I love paradoxes and counterintuitive gedankenexperiments (thought experiments). In this post I will present a paradox consisting of a game with coins and bets.

Imagine the following game:

The initial stake begins at 2 dollars and is doubled every time heads appear. The first time tails appear, the game ends and the player wins whatever is in the pot. Mathematically, the player wins $$2^{k+1}$$ dollars, where $$k$$ is the number of consecutive head tosses.

The question is then, how much money would you pay to play this game?

The logical decision would be to compute the expected prize of the process and just pay a little bit less to enter the game.

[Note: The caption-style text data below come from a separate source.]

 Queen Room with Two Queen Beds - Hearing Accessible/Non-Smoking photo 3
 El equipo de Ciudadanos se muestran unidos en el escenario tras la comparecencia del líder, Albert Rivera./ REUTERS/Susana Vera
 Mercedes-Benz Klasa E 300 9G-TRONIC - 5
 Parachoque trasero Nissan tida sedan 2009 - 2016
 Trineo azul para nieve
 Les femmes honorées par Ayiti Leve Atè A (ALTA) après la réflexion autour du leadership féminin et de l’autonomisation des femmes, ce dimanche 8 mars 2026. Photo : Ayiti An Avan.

Let’s do the numbers!

$\langle \text{prize} \rangle = \sum_{i=0}^{\infty} p_i \times \textrm{prize}_i = \sum_{i=1}^{\infty} \frac{1}{2^i} 2^i = \sum_{i=0}^{\infty} 1 = \infty$

WOW! The expected prize is $$\infty$$, which means that a rational player would be willing to pay an infinite quantity of money to play the game.

# Classical solutions

It turns out this paradox is a well-documented thing, and it’s called the St. Petersburg Paradox. In this section, we’ll explore some solutions that people much more intelligent than me have encountered to the paradox.

## Utility theory

One of the solutions to the paradox comes from David Bernoulli (from the amazing Bernoulli family). The solution is based on the fact that the gain of the game has a different utility depending on the total wealth of the player. In Bernoulli’s words

The determination of the value of an item must not be based on the price, but rather on the utility it yields. There is no doubt that a gain of one thousand ducats is more significant to the pauper than to a rich man though both gain the same amount.

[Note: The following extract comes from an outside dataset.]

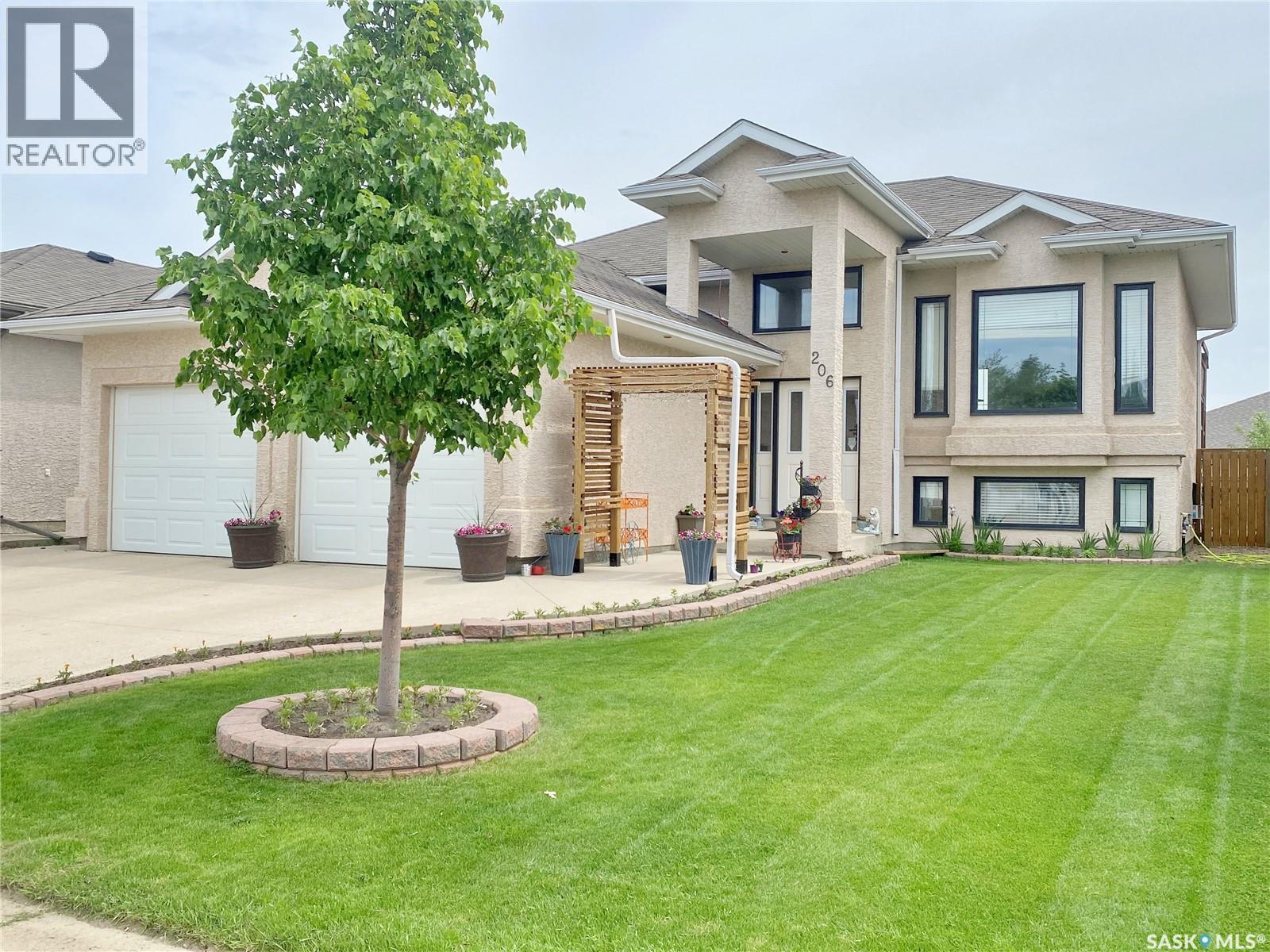 206 Brooklyn Crescent, Warman, Saskatchewan  S0K 0A1 - Photo 2 - SK034111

The solution that Bernoulli presented was based on the logarithmic utility function, which is $$U(W) = \log W$$, where $$W$$ is the total wealth of the player. This means that a gain of weatlth $$k$$ implies a gain of utility of $$\Delta U = \log (W + k) - \log(W)$$. Therefore, the expected gain in utility is given by

$\Delta E(U) = \sum_{i=1}^\infty \frac{1}{2^i} \left[ \log(W + 2^i - c) - \log(W) \right]$

where $$c$$ is the cost of playing the game. A player must be willing to pay any $$c$$ that returns a positive value of $$\Delta E(U)$$.

To compute the maximum $$c$$ that a player would be willing to pay we can use the following python snippet

1 2 3 4 5 6 7 8 9 10 import numpy as np COSTS = np.linspace(0, 50, 500) # search the maximum cost to pay in this range MAX_THROWS = 50 # sum only the first MAX_THROWS elements def max_profitable_cost(w): expected_payoff = np.array([sum(1/2**i * (np.log(w + 2**i - cost) - np.log(w)) for i in range(1, MAX_THROWS)) for cost in COSTS]) return COSTS[len(expected_payoff[expected_payoff > 0])] 

For a millionaire the maximum profitable cost to pay is max_profitable_cost(10**6) = 20.92, and for Jeff Bezos (175 billion USD) max_profitable_cost(Jeff Bezos) ~ 38.5.

In the left plot, we show the relationship between the wealth of the player and the maximum profitable cost. It’s interesting to note that the maximum profitable cost grows logarithmically with respect to the wealth of the player, which is extremely slow.

## Finite resources

The classical approach to the paradox assumes an infinite amount of money by the casino. Another solution to the problem is based on the fact that no infinite supply of money exists.

Suppose that the maximum amount of money that the casino can pay is $$M$$. Then, the maximum number of rounds that a casino can pay is given by $$2^{k+1} = M$$, which is $$k^* = \textrm{floor} \left[ \log_{2} M \right]$$. Therefore, the expected value is

$\langle \textrm{prize} \rangle = \sum_{i=1}^{k^*} \frac{1}{2^i} 2^i = k^*$

This means that if you were playing against Elon Musk (265 billion USD), your expected winnings would be approximately 38 dollars. So, even if you convince Elon Musk to play this game you would get on average less than 50 dollars.